On the weekend of April 29 and 30, Anne had an enormous spat with Henry Norris, the king’s groom of the stool, in which she accused him of being attracted to her. Norris stammered that if he ever had such a thought, “he were his head were off,” whereupon Anne threatened to undo him if she chose. Witnesses to their altercation interpreted the quarrel as a come-on from Anne to Norris. To succeed in toppling Anne from the throne, Cromwell’s commission needed to compile a dossier of Anne’s purported lovers; the contretemps between the queen and Norris (because it included a hypothetical exchange about the king’s death), allowed them to put a treasonous construct on it, thereby ensnaring Norris in their lethal net.

Anne’s argument with Norris led to another, even more volatile one with Henry. A letter sent twenty years later to Queen Elizabeth from an eyewitness to the aftermath of the royal squabble, a Scottish Lutheran clergyman named Alexander Ales, describes the mood:

Never shall I forget the sorrow which I felt when I saw the most serene queen, your most religious mother, carrying you, still a little baby, in her arms and entreating the most serene king your father, in Greenwich Palace, from the open window of which he was looking into the courtyard, when she brought you to him. I did not perfectly understand what had been going on, but the faces and gestures of the speakers plainly showed that the king was angry, although he could conceal his anger wonderfully well. Yet from the protracted conference of the council (for whom the crowd was waiting until it was quite dark, expecting that they would return to London), it was most obvious to everyone that some deep and difficult question was being discussed.

Anne was arrested on May 2, 1536, on the charges of adultery, incest with her brother George, and conspiracy to kill the king. As her barge was rowed to the Traitors’ Gate, Anne was on the verge of collapse. “I was treated with greater ceremony last time I was here,” she exclaimed woefully, referring to her coronation procession. Her trial began on May 15 in the Great Hall of the Tower of London. Her brother George, Viscount Rochford, was to be tried by the same council of peers, on the charge of committing incest with his sister. Their uncle, the Duke of Norfolk, presided over the proceedings as High Steward. Two thousand spectators watched the circus from purpose-built stands. Among the bogus charges against the queen was an allegation of statutory treason pursuant to the 1534 Succession Act: “slander, danger, detriment and derogation of the heirs” of Henry and Anne. In other words, Anne was charged with being a traitor to her own daughter, Elizabeth.

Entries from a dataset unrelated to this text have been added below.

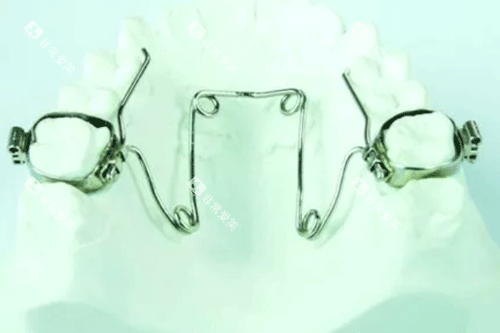 牙齿扩弓器图 牙齿扩弓器图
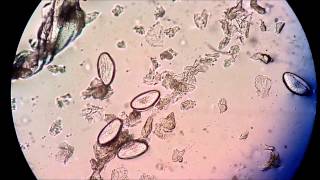 Huevos de Enterobius vermicularis con larva viable [upl. by Nnalorac]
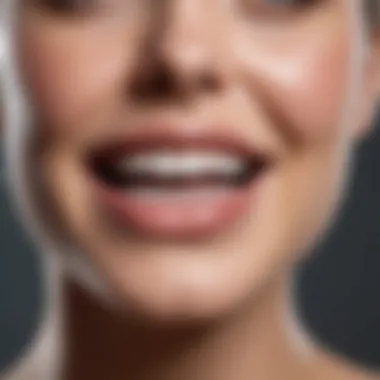 Whitening Gel Application Whitening Gel Application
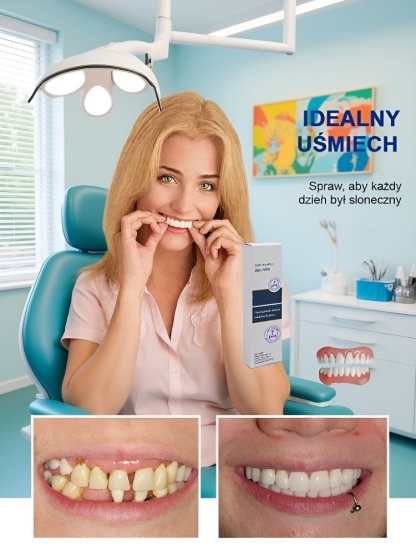  Zestaw estetycznych nakładek na zęby😁 Jedz wszystko bez obaw! Nasz zestaw nakładek pasuje idealnie, jest stabilny i daje naturalny uśmiech ✨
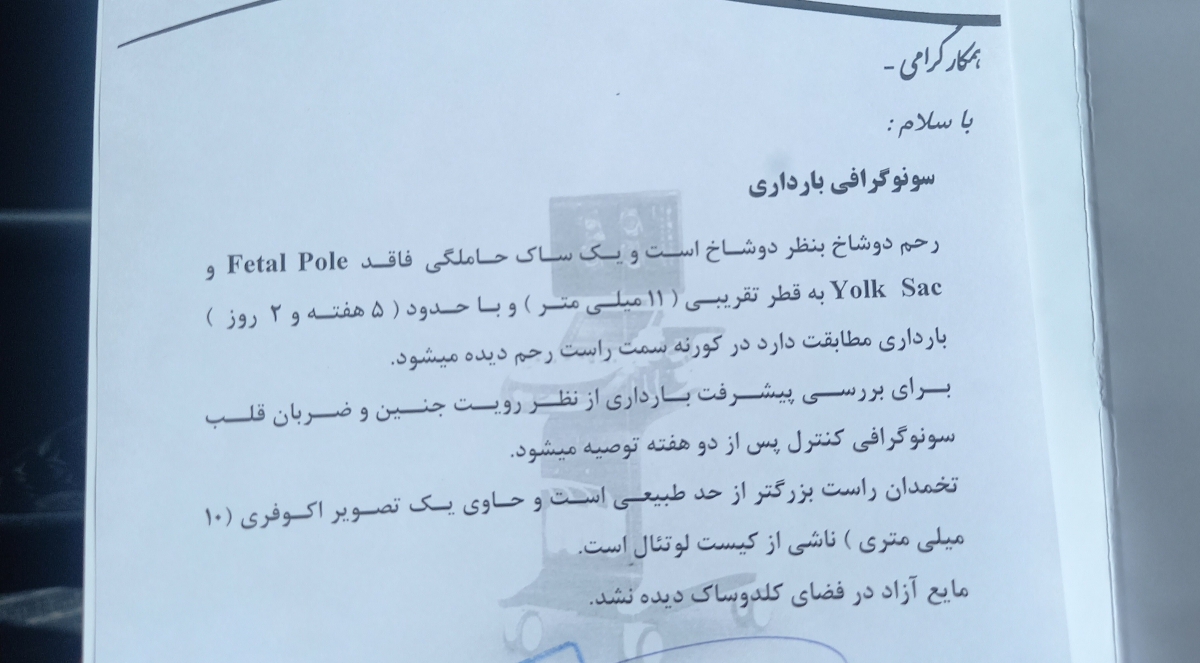 این سونو ۸تیر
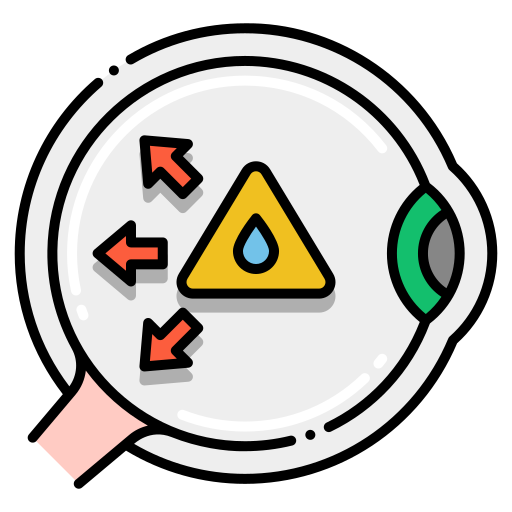 Glaucoma Evaluation & Management_image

Her conviction was a foregone conclusion; and on May 19, 1536, Anne was executed on Tower Hill. It was a sad day for English justice, and for the kingdom’s history. And while it’s true that Anne lost her life—by dint of her own intellect and abilities she had managed to achieve what others could merely dream of. Although her ambitious father and uncle were seasoned courtiers whose success afforded her an entrée into the highest echelons of Tudor society, once she arrived, she was there to stay—despite her family—until an equally self-made individual, Thomas Cromwell, destroyed her.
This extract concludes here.